What have I been up to?

librf : C++ port of Random Forests
12/2006
This is a C++ port of Leo Breiman and Adele Cutler's Random Forests classifier. The goal is to create a usable C++ library like LIBSVM, the popular support vector machine package. It is limited to binary classification so far. Project page is here.

Google : blogsearch intern
Summer 2006
Really good times at the NYC office with the blogsearch group.

Test Optimization through Data Mining
1/2006
Microprocessor testing generates a great deal of data - a lot of which is thrown away. Now that pre-silicon modeling is increasingly inaccurate, it is important to have post-silicon methods for optimizing a test set. I'm currently developing a data-mining framework for determining redundant/missing test-patterns for test-set optimization by collecting test responses from Monte-Carlo generated circuit samples.

Feedmo: RSS Feed clustering
12/2005
This was an independent project undertaken during Winter break. The idea was basically to make sort of a Google News website for geeky and political blogs. In theory, this would cut down on my web browsing time. This was also a chance to learn more about clustering algorithms, information retrieval, Ruby on Rails, Python, and relational databases.

Bayesian learning for VLSI
11/2005
VLSI design relies upon a hierarchy of models which provide layers of increasing abstraction (from device,to gate,to block, etc). Unfortunately, the models that are closest to the physical silicon are costly to characterize and increasingly inaccurate, as the manufacturing process shifts. These models are critical for reliable statistical analysis. We propose a method for using bayesian inference to learn key parameters from manufactured chips.

Fotofiti: photo annotation
11/2005
This was a class project of ECE 268. Essentially, a Flickr-ish research platform for trying to automate image annotation using contextual meta-data. This was a first foray into Ruby on Rails and relational databases.

Freescale (formerly Motorola): Speed-binning
Summer 2005
Determining the maximum functional clock speed of a microprocessor (or speed-binning) is traditionally a tricky, ad-hoc process known as functional testing. Essentially, it's running many sequences of instructions that will hopefully exercise the most timing critical paths. Running functional tests is a costly endeavor that requires more test-pins and test-time than running structural tests (non-instruction based) . Over the summer, I looked at using structural tests to predict the functional clock speed. By using a statistical learning technique, boosting, I devised a method that only requires a few structural tests that improves upon the accuracy of previous methods.
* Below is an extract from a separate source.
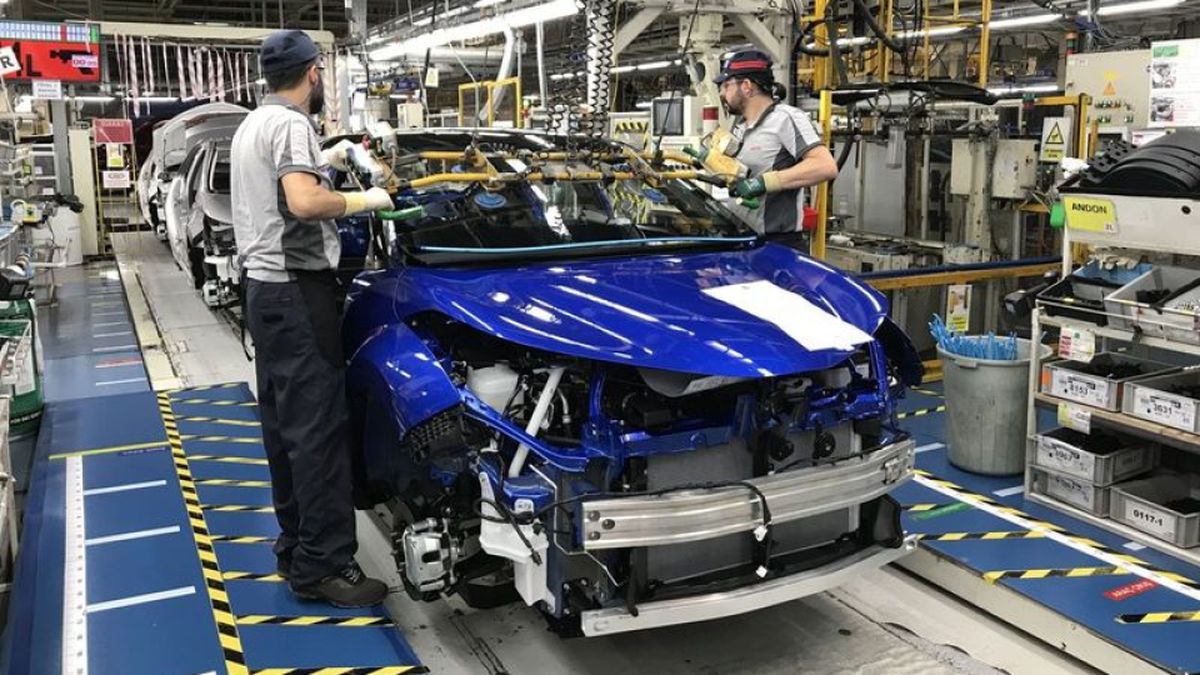 Otomotiv pazarı Ağustos'ta yüzde 20 daraldı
Given a large amount of unlabeled, normalized, financial records, predict which accounts are "bad" and when they'll go bad. Used Support-vector-machine (SVM) learning with Sean. Learned a lot about pre-processing, feature-selection, principle component analysis. Time-series prediction is hard. We ended up doing pretty well with classification though, and won a campus prize.

Pattern-based Statistical Timing analysis
2004-2005
Statistical timing analysis is about dealing with the realities of chip manufacturing in the deep-sub-micron technologies. Due to variations, worst-case corner based-design is increasingly inefficient and thus, statistical or probabilistic design is a hot topic. Most statistical timing analysis has thus far concentrated on static, pattern-less analysis. We have been researching how to apply the same statistical analyses to actual patterns, which can provide information useful to chip testing.

Pre-placement Wire-length Estimation
Fall 2003
This was a class project for ECE 256A. By looking at the logical netlist of a circuit, there are certain connectivity metrics that we can look at to try and predict interconnect length. This can be important for feasibility analysis without the cost of placement. I used support vector machine learning on various placement benchmarks and placement algorithms. This led to some conclusions on which metrics were most important towards interconnect length.

NASA Jet Propulsion Laboratory: Low-density Parity-Check codes (LDPC)
Summer 2003
NASA's always interested in error-correcting codes for its space probes. LDPC codes are hot due to their excellent performance and low complexity. At JPL, I worked with Jason Lee to implement a particular form of structured LDPC codes proposed by Jeremy Thorpe in hardware. We ended up with a functioning, scalable FPGA solution that we characterized with bit-error-rate testing .

Asynchronous VLSI: 8051 Microcontroller project
2002-2003
Asynchronous, or clock-less design is an interesting practice. It's not commonly used in industry due to the lack of design tools and complexity. However, asynchronous design may have enormous benefits in terms of extremely low power consumption. In this project, we implemented an asynchronous version of a popular 8051 microcontroller. This involved writing a sequential specification and then decomposing and parallelizing it down to the level of transistor implementable asynchronous building blocks. I worked on the register file of the 8051.

Multi-vehicle Wireless Testbed
Summer 2001
This was an interdisciplinary project that brought together controls, mechanical engineering, electrical engineering and computer science. It was a neat arrangement, with overhead cameras for determining location, a wireless network for communication and vehicles with laptops powered by fans. I designed a microcontroller board that controlled the two fans and also wrote a bunch of networking code to glue the system to the MATLAB specified controller. We were then able to close the control loop and test the system.